The output from the function is a list with one or several compound 
dissimilarity matrices, depending on which `type` was used as input.
If multiple `type` are used as input, a matrix with mean values of the other
matrices will also calculated. If `type` includes `"NPClassifier"`, a matrix
with "mixed" values is also calculated. In this case, values are based on
NPClassifier when these are *> 0*, and otherwise based the 
PubChem fingerprints/fMCS values (see manual for details).
Importantly, a resulting matrix of compound dissimilarities is used by
other functions in the package that quantify phytochemical diversity
and dissimilarity, and can be used to visualize how similar sets of
compounds are to each other.


### Diversity calculations
Calculations of phytochemical diversity is the core of the *chemodiv* package. 
Phytochemical diversity can be calculated for the *sample* dataset 
with functions `calcDiv()`, `calcBetaDiv()` and `calcDivProf()`.

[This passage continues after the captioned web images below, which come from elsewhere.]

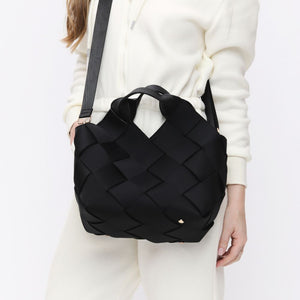 Woman wearing Black Sol and Selene Resilience - Woven Neoprene Tote 841764108560 View 4 | Black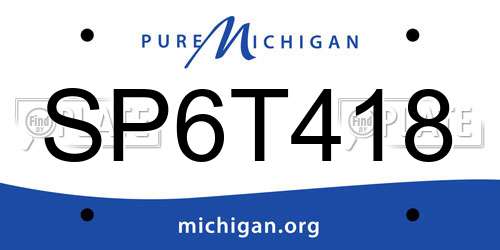 SP6T418 Michigan License Plate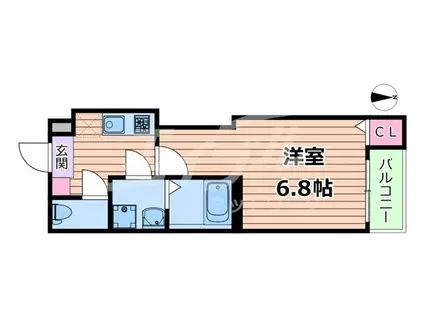 アーバンヒルズ城北(1K/1階)の間取り写真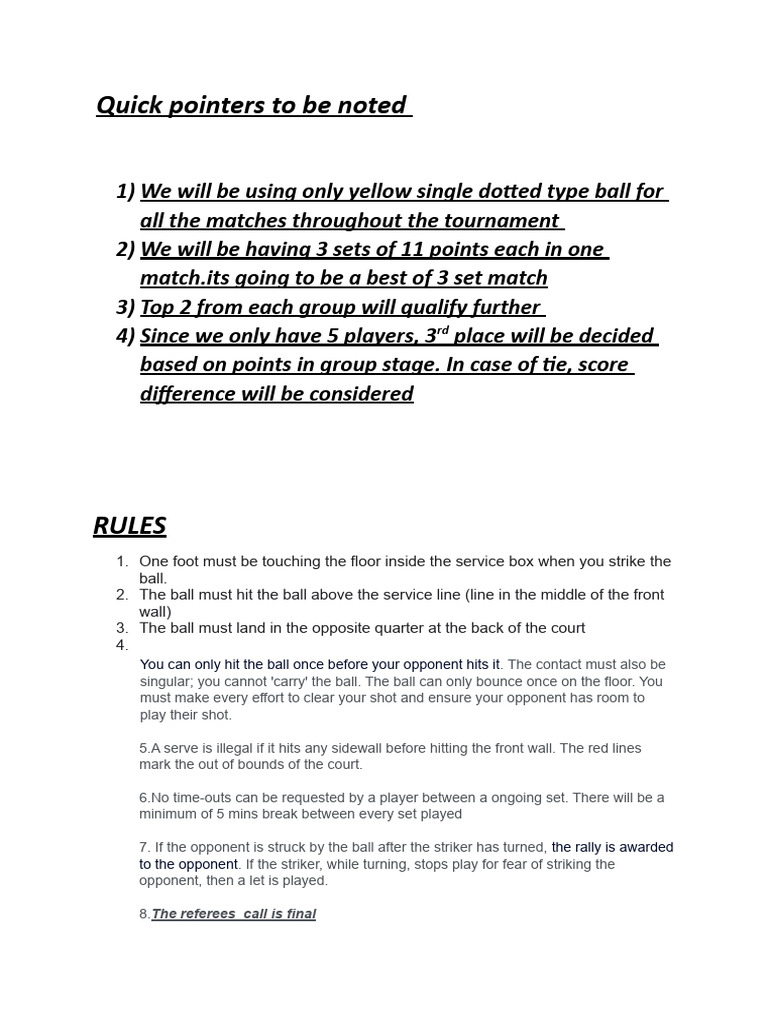 Squash Olympics Rules PDF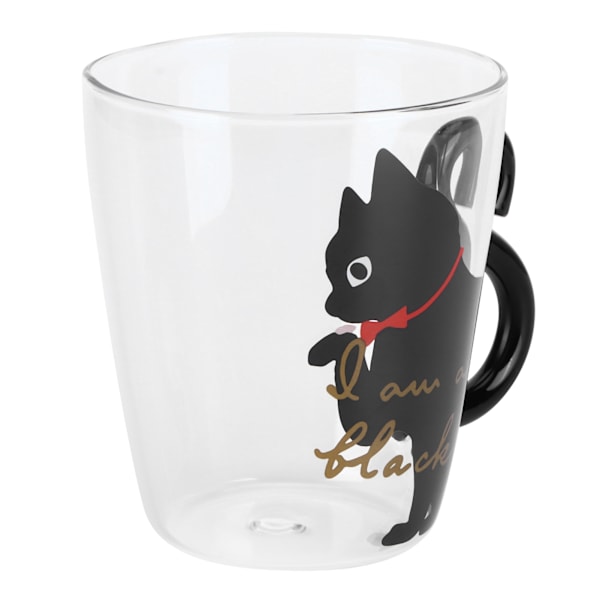 Kattekop Kaffe Mælk Te Vand Glas Børneflaske Transparent Varmebestandig Genanvendelig Krus(Sort Kat )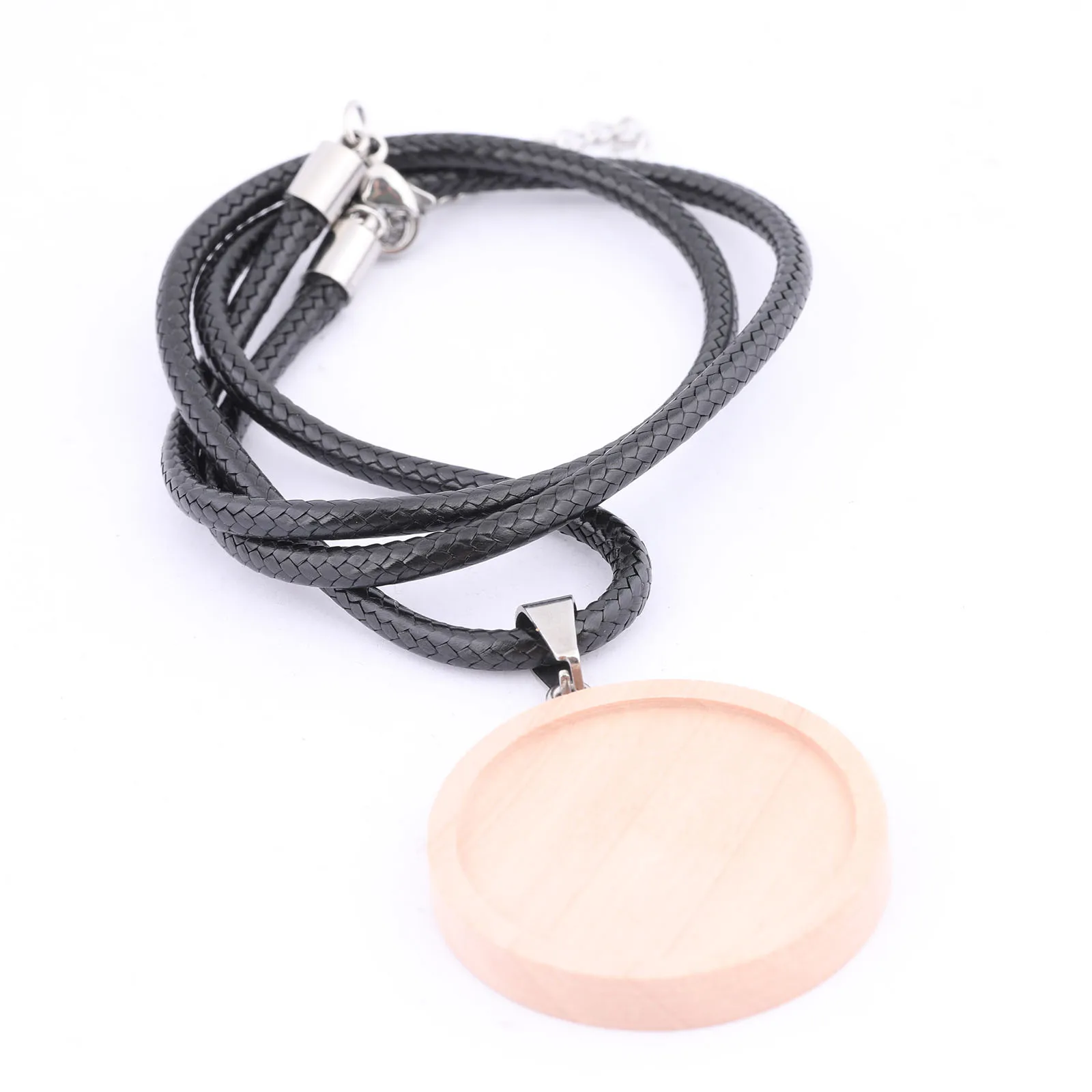 

5pcs Leather Cord Chain Necklace Base Blanks Fit 30mm Double Side Cabochon Pendant Bezel Setting Trays Diy Jewelry Findings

`calcDiv()` calculates alpha diversity for each sample (row) in the 
*sample* dataset. The function can calculate a 
number of different diversity and evenness indices, depending on
what `type` is used as input. The default and recommended way of calculating 
diversity is as Hill numbers (Chao et al. 2014), which provides 
a number of advantages, including the use of the parameter *q* which 
controls the sensitivity of the measure to the relative concentrations
of compounds. This can be done as "normal" Hill diversity, which depends
on compound richness and evenness, and as functional Hill diversity, 
which additionally considers compound dissimilarity (Chiu & Chao 2014),
utilizing the compound dissimilarity matrix from `compDis()`. This means that,
for calculations of functional Hill diversity, a set of compounds that are
biosynthetically/structurally different from each other is more diverse
than a similar set of compounds that are biosynthetically/structurally 
more similar to each other.

We calculate functional Hill diversity for *q = 1*.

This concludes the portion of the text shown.